Head of the school of journalism and media studies at the University of Rhodes in Grahamstown, Professor Guy Berger, says even though it is a bad proposal, civil society can now argue against it and do not have to toyi-toyi or take up arms, like during the previous regime.

“I think it is very unlikely that these two laws, the Protection of Information Bill and then maybe the Media Tribunal law, if they come up with one, I think it is unlikely that these will succeed because the Constitution says freedom of information and it has press freedom and media freedom. So anything that can reduce those that is not in the constitution could be problematic,” says Berger.

Deputy President Kgalema Motlanthe has since said fears about the Protection of Information Bill are genuine and that the criteria for what information may be classified is too wide and needs to be narrowed to specific types of information, to address the public’s fears.

“The fear is that everything will then be classified, which would then make it more difficult for people to access information. That’s a genuine concern and should be raised as such.”

He said legislators have the right to change the bill if it is not constitutional.

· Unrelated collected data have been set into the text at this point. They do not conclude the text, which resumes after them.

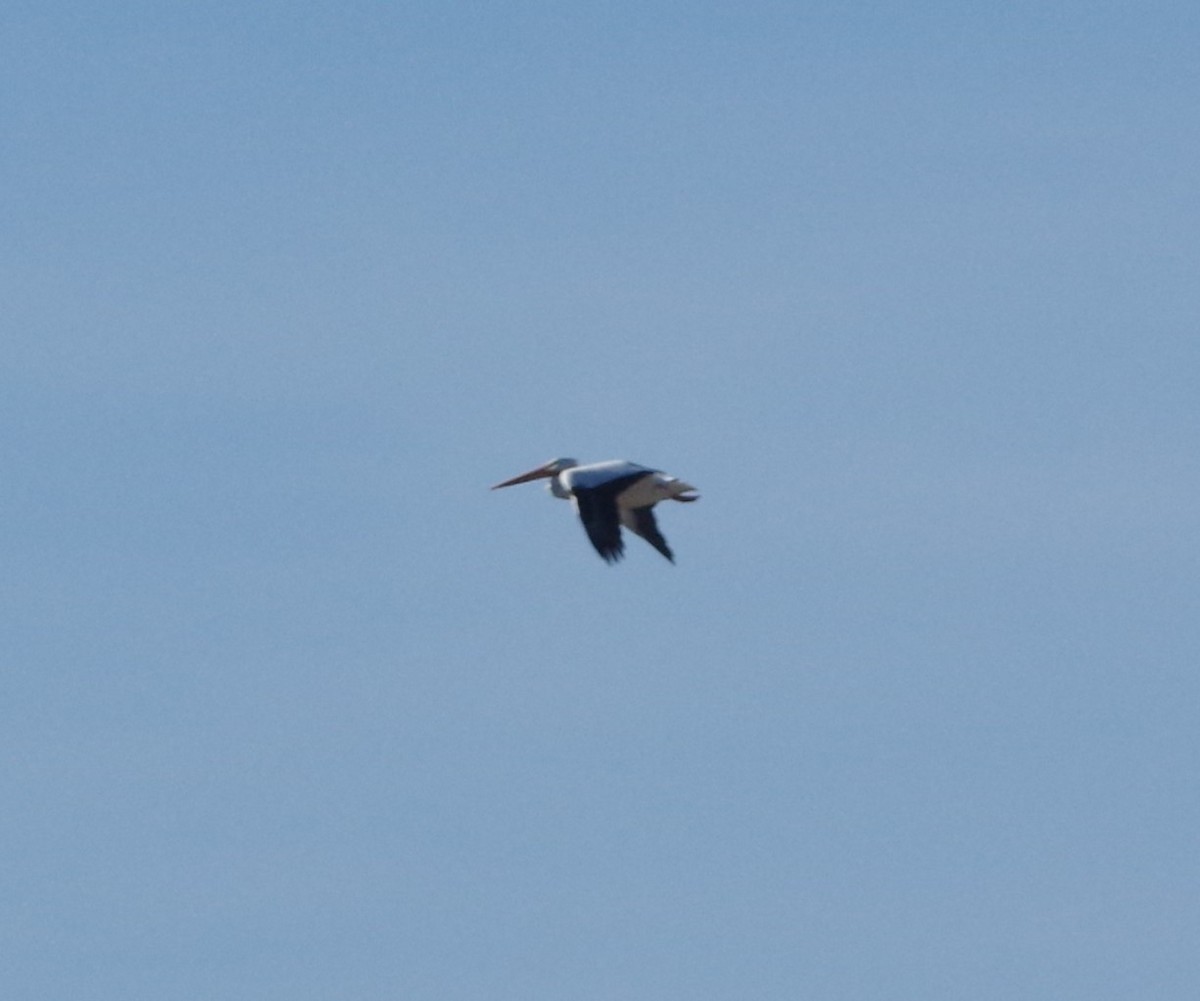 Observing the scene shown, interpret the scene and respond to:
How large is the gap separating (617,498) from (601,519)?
954mm

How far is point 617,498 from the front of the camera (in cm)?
7394

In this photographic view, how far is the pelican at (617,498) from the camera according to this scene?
72.8 m

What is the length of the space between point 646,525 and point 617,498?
221cm

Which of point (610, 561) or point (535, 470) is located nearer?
point (610, 561)

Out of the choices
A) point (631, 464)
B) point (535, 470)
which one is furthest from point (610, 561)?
point (535, 470)

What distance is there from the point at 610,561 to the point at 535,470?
8.56m

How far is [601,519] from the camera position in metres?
73.1

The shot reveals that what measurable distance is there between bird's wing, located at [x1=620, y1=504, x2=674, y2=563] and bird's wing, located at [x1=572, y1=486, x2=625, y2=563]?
6.44 ft

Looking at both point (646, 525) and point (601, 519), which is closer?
point (601, 519)

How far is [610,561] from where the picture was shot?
236ft

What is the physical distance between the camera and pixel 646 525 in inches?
2995

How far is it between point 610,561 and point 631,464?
11.1ft

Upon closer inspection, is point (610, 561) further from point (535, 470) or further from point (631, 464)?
point (535, 470)

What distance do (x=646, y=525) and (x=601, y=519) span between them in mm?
3076
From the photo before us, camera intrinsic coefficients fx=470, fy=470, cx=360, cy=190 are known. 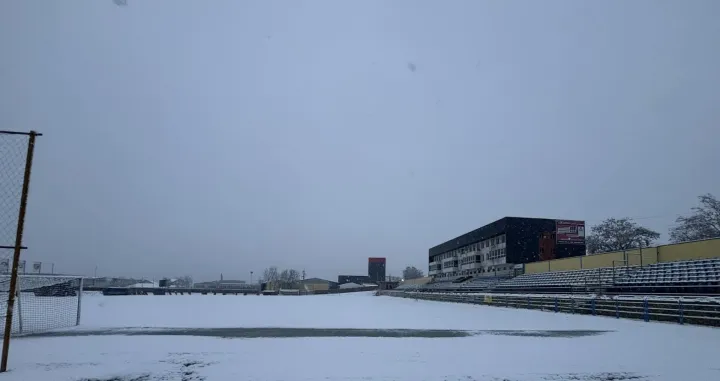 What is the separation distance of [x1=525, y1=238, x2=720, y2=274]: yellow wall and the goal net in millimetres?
30994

The major complaint against the media’s self regulations is that it is slow in resolving cases, it has no penalties, and it prevents people from going to the courts if they are not happy with the Press Ombudsman’s verdicts.

(Note: When exactly Kgalema Motlanthe said this is unclear because the UNISA debate was not attended by any ANC delegates.)

[Sauce]
(Emphasis added.)

Elsewhere, the DA delivers a petition containing 28,710 signatures protesting against the draft legislation to President Jacob Zuma’s office at Tuynhuys.

'Luthon64
Mefiante (October 20, 2010, 13:56:57 PM):
Now they’re mooting the addition of a Protection from Harassment Bill that will in effect criminalise some of the standard work practices of journalists, and could further inhibit media freedom as a perhaps unintended consequence. There’s a clear difference between a journalist harassing politicians for answers which the public is entitled to and a stalker who haunts another person because of psychological problems or for personal gain – or, for that matter, the borderline stalking activities of telemarketers and salespeople.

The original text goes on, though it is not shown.